La première fois que je l’ai entendue, je devais encore être dans la salle de bains, mais ça commence par un grésillement de cuisine. Une jeune dame se met à causer dans la radio : elle prévient qu’avec sa paella (celle dont les prémisses crépitent en fond sonore), elle obtient toujours un franc succès. Je me suis dis qu’on allait avoir droit à une nouvelle version de la tirade du cadre tellement dynamique qu’il a encore le courage de repasser par chez «dayly traiteur » après le boulot (vers 21h) pour épater ses potes avec un petit souper au beau milieu de la semaine. Le genre de woua-woua à culpabiliser les feignants désorganisés dans mon genre…
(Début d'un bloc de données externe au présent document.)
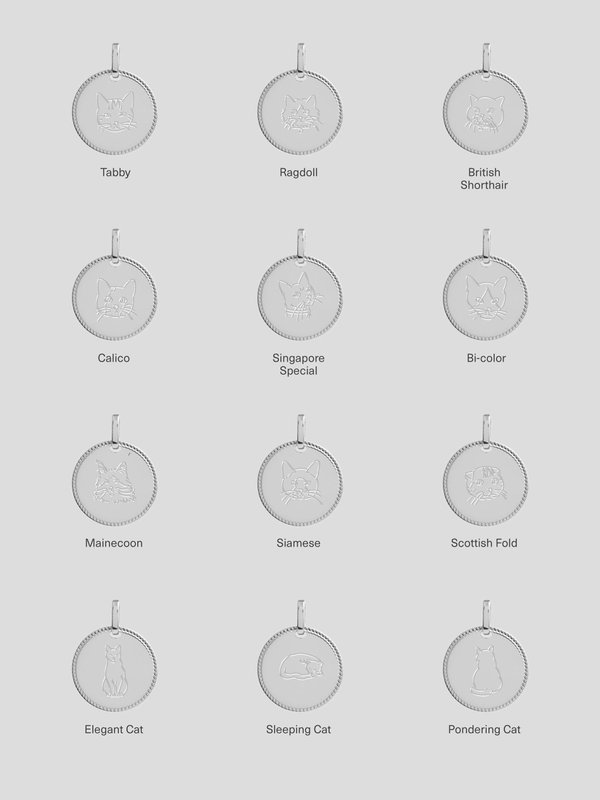 Sybil Necklace in Silver - Cat Illustration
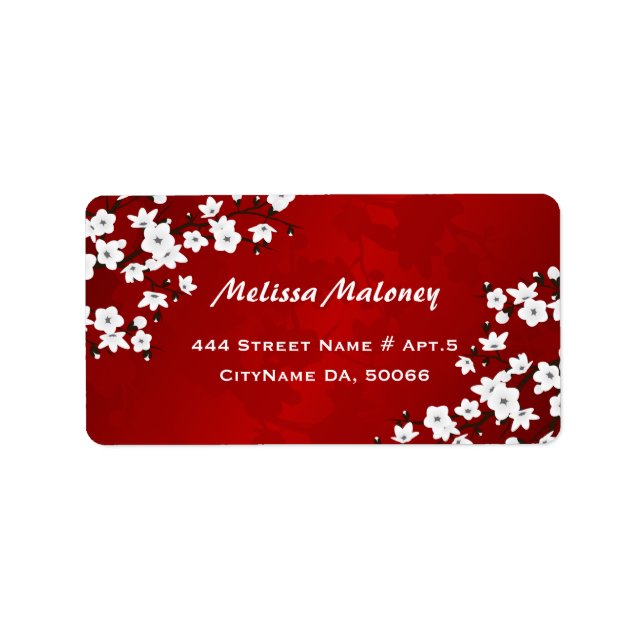 Asia Blommigt White Cherry Blommar Red Adressetikett (Framsidan)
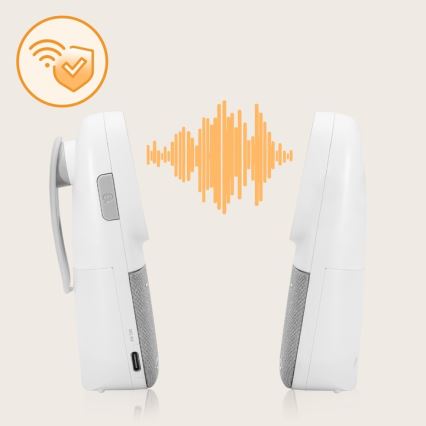 Lionelo - Monitor de bebé áudio recarregável sem fios BABYLINE 2.3 5V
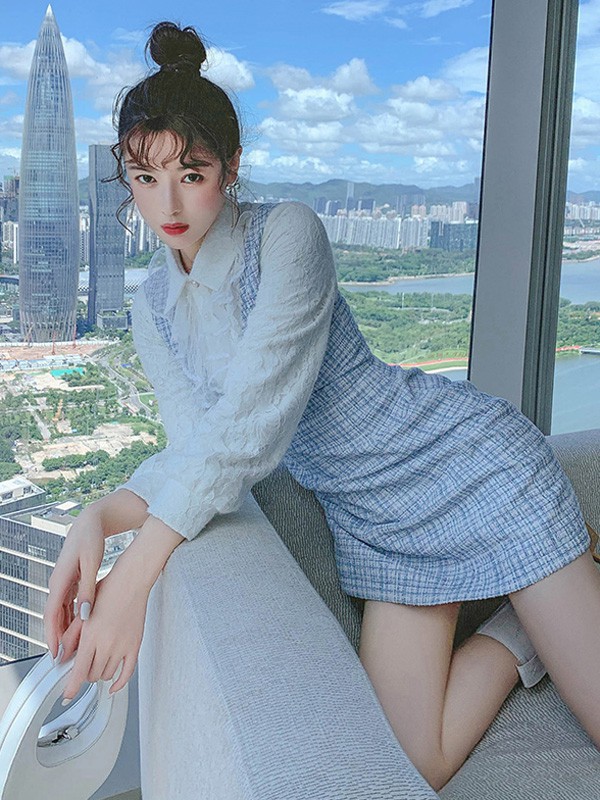 歌贝姿女装2021秋冬季蓝色格子连衣裙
Mais la nana, visiblement hyperactive, a poursuivi : elle avertit qu’elle a un secret. Bon, maintenant, c’est un peu bête de sa part parce que tous les auditeurs de la Première vont le connaître (que je me suis dit). Oui, elle un secret : cette petite poissonnerie près du boulot, avec des fruits de mer tout frais. Et puis, surtout, cette petite boutique où elle trouve des épices merveilleuses… Là, je dois reconnaître qu’on m’a bien eu : le suspense est total! Qu’est-ce qu’elle va essayer de me vendre, la Maïté des pauvres? Je suis pendu à ses lèvres…
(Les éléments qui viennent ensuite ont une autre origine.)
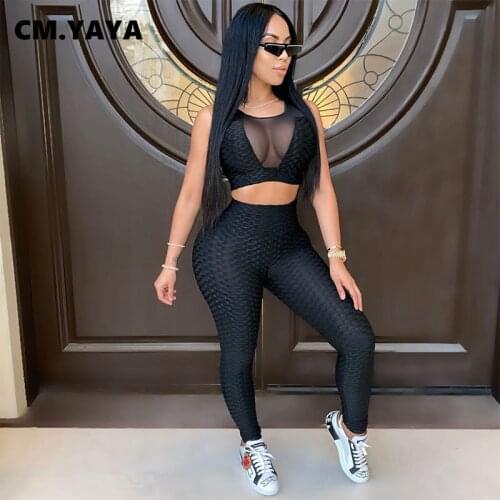 CM.YAYA Women Set Mesh Patchwork Sleeveless Top Sheath Elastic Full Length Pants 2 Piece Sets Tracksuit Summer Outfit Sportswear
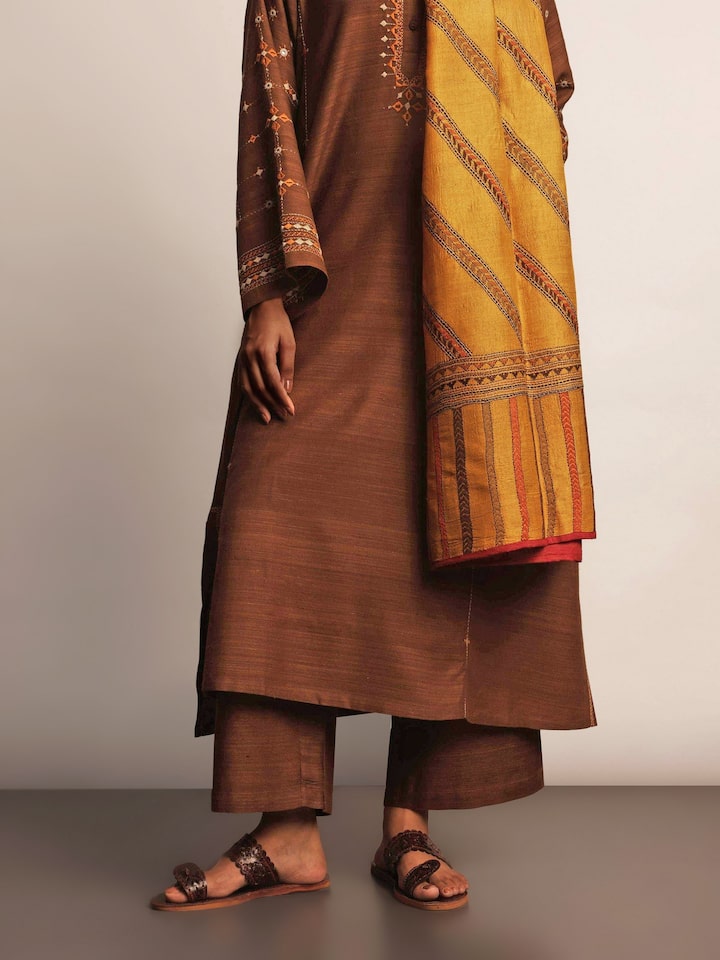 Brown Matka Silk Palazzos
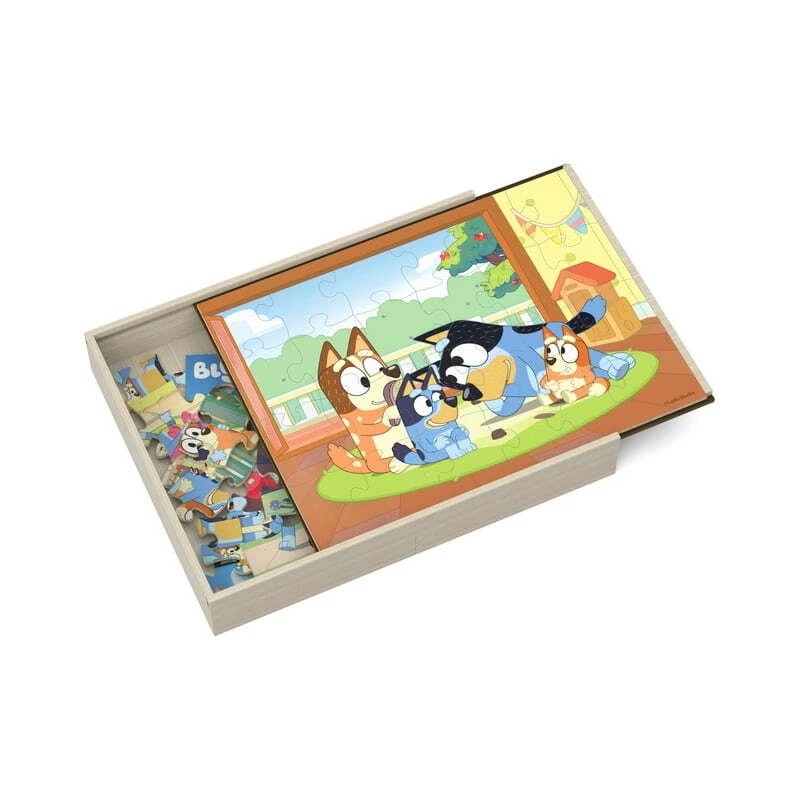 Spin Master Bluey 5 Wood Jigsaw Puzzles with Storage Box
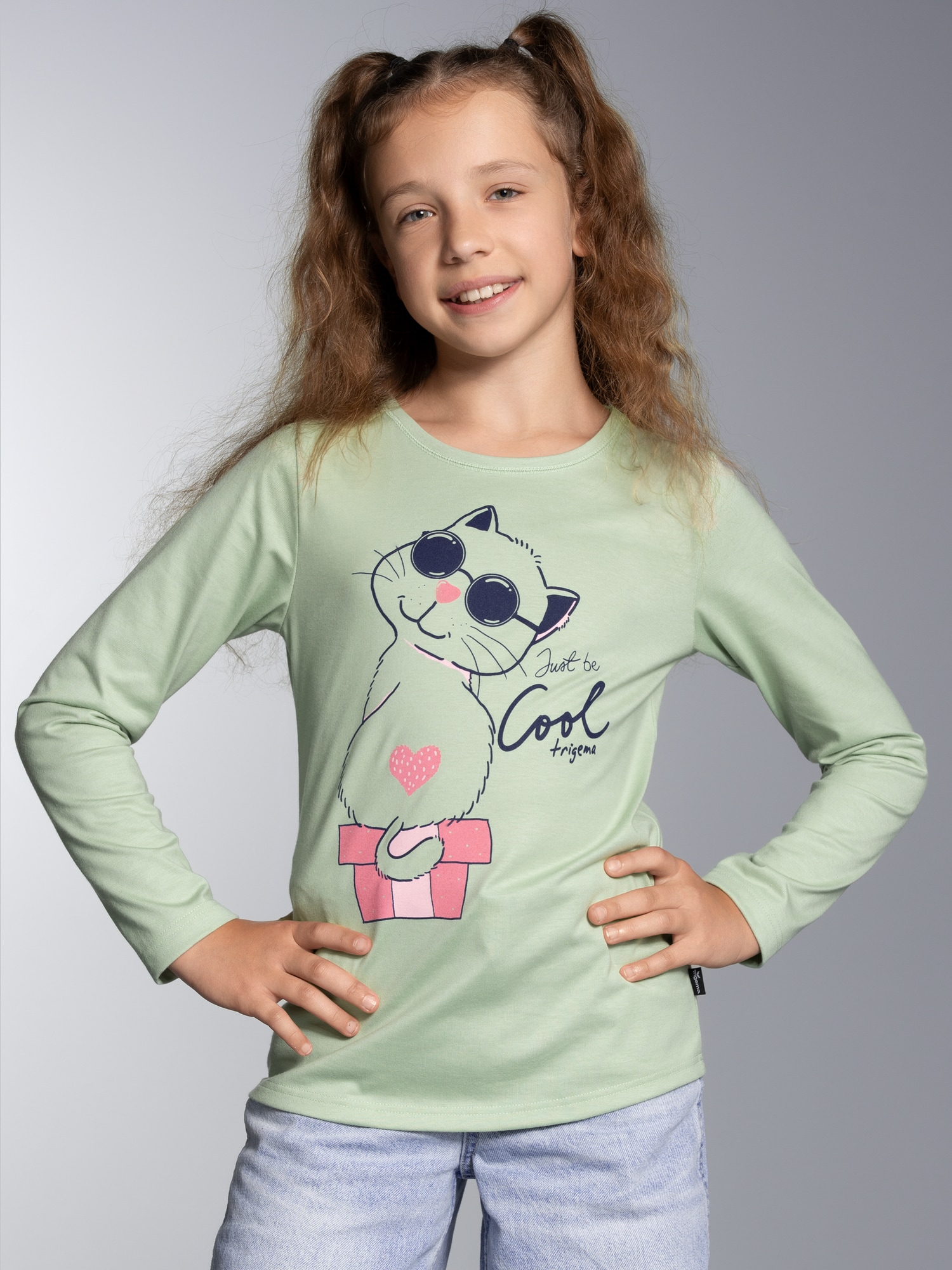 Langarmshirt mit Katzen-Motiv Green tea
Alors elle embraye : c’est comme pour son boulot, elle est consultante en ressources humaines chez Randstad. Tatatam! Vous savez, le numero uno de l’intérim made un belgium, good to know you en zo voor. Mais quel rapport avec sa paella? Je suis sûr que vous vous le demandez aussi… Et bien, dans son job aussi, elle a du succès parce qu’elle sait choisir les bons ingrédients : elle sélectionne toujours le bon candidat!

Si, dans quelques années, des gens motivés se mettaient en tête de faire de l’archéologie du savoir, histoire de comprendre comment se construit le discours économique et comment il s’impose dans les cerveaux, je leur conseillerais de s’attarder sur cette pub-là. De ce point de vue, elle est épatante. C’est qu’il en aura fallu, des discussions et des glissements conceptuels, pour que naisse un marché du travail complètement libre, dans l’Angleterre du début du 19ème. Mais l’être humain refusera longtemps de se considérer comme une marchandise pareille aux autres – gros prétentieux va! C’est que les chaussures, les machines à lessiver ou les produits laitiers ne se constituent pas en syndicat, eux!
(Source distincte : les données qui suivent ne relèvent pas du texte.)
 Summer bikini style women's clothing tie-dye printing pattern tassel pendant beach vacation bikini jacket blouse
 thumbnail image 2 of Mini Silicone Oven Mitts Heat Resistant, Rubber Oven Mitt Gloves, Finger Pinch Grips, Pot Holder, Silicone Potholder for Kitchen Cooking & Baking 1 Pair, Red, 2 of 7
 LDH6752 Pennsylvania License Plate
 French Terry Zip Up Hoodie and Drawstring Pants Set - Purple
Le problème du marché de l’emploi, ça a toujours été cette sacralisation du capital humain. C’est pas pratique, pas fonctionnel – trop de barrières dans les têtes. Mais aujourd’hui, tout ça, ouf, c’est fini. Grâce à Randstad, on entre dans une nouvelle ère économique : l’ère où les consultants en ressources humaines seront des cuistots; les entreprises, des paëllas et les travailleurs, des gambas. Et la société? Un grand restaurant espagnol, évidemment! (hum, je ne suis pas sûr d’avoir tout compris).

Voilà, la dame super “speedée” qui causait dans le poste de radio s’en est allée – à mon avis, elle doit avoir un de ces agendas overbooké! Je reste un peu pantois : je devrais peut-être me documenter sur l’éthologie des fonds marins. Si ça se trouve, il reste pas mal d’espoir: crustacés & cie ont peut-être un tout gros potentiel d’organisation collective, qui sait… Je le vois déjà d’ici, le slogan du futur : calamars de toutes les mers, unissez-vous!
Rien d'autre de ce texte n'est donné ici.